Following our just completed General Election, let us investigate what local and international markets view about the results by peering into the Kenya shilling exchange rate against other currencies and what we can expect going forward.
The United States dollar decreased considerably over the past four months against the euro, British pound, and Swiss franc and slightly against the Japanese yen. The greenback’s decline stands in marked contrast with its rapid appreciation in 2016 into 2017.
The flood of demand for the dollar made it difficult for many central banks to shore up their own currencies. While the Kenyan shilling depreciated markedly against the dollar in prior years, our shilling did better than many other continental currencies during the 2016 into 2017 dollar strengthening as the dollar appreciated only slightly against the Kenyan Shilling in the same period.
Now, the US unemployment rate continues to decline, their equities markets hold at record levels, and GDP growth continues slowly but unabated.
So what precipitated the dollar’s recent decline? Typically equities and foreign exchange go hand-in-hand in that demand for equities generated from growth prospects usually lures international investors into a market thus propping up a currency. But in the United States now, one sees a booming equities market and a declining currency value at the same time.

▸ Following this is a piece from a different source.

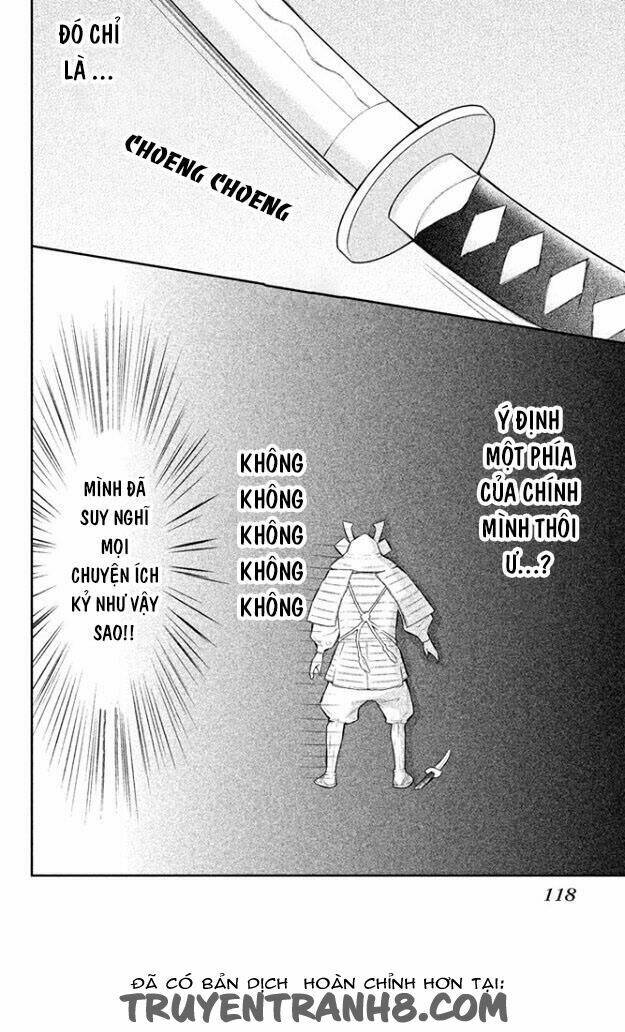 3d kanojo - bạn gái 3d chapter 38 39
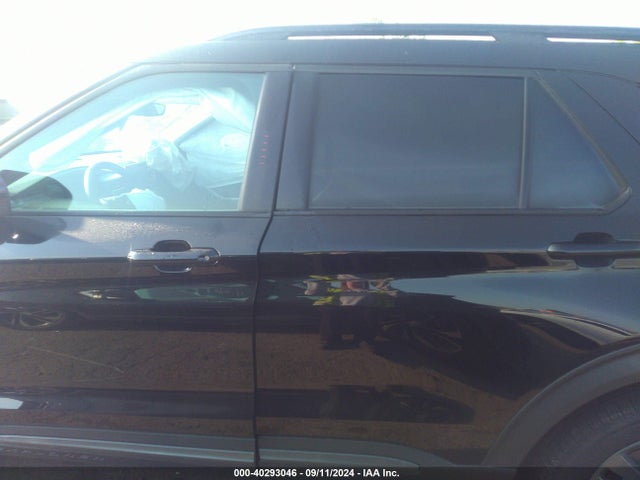 Ford EXPLORER XLT 2023 1FMSK8DH9PGB03478 Image 14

The softening demand for the dollar originates from the return to stability and certainty in other world powerhouses along with political turmoil in America. The Chinese stock market has become more stable and not frightening off Chinese investors to the same degree as last year.
Japan persisted without major natural disasters weighing down government finances and global money laundering blacklisting from secrecy laws in Swiss banks was averted. No imminent euro crisis lingers in the clouds as in prior years and the European Central Bank is strengthening its monetary position.
Amidst global stability, the United States conversely faces political turmoil from a wildly unpopular president and fears over fallout from the Russian election tampering collusion investigation raises uncertainty concerns.
Most recently, the US currency market shudders at the thought of a less than zero chance of nuclear war with loony repressive North Korea. Should Americans lament the decline in value against their currency? Absolutely not. The decline stands as great news for their country.
Many investors see the return of stability in other world markets as bringing some normalcy to demand for the dollar and the ability of America to increase badly needed exports.
The high dollar hindered companies that export, but helped consumers of imported goods thus increasing the balance of payment imbalance.
On our side, Kenyan businesses should expect modest declines in textiles, agricultural commodities, and other exports to the United States commensurate with the change.
Interestingly, the dollar has not declined markedly against many Sub-Saharan African currencies such as the South African Rand, Tanzanian Shilling, Ugandan Shilling, and our very own Kenyan Shilling.
Also, the Kenyan shilling remained constant against the South African rand, Tanzanian shilling, and the Ugandan shilling during the past month in the lead-up to and after our General Election.
Since the Kenyan shilling did not appreciate or depreciate dramatically against major or regional currencies since the election, the local and international markets therefore expected the overall outcome of our general election and did not expect major unrest.
Remember that US President Trump’s unexpected win shot the dollar up substantially because the markets did not expect it and the assumed commensurate corporate tax breaks a Republican administration might bring.
Conversely, the sharp decline in the British pound followed the shock Brexit vote. Markets react strongly when the unexpected happens. But meeting expectations yields calm investor responses.
No matter what political angle you hold, investors value stability and predictability. As Kenyans, we delivered exactly what investors expected thus far. Inasmuch, we should expect an increase in international investment since investor uncertainty abated after the elections and results did not deliver a positive or negative shock.
Given the also declining dollar, Kenyan firms could more easily court American investors now eager to take advantage of our higher GDP growth and our more stable currency in the current market.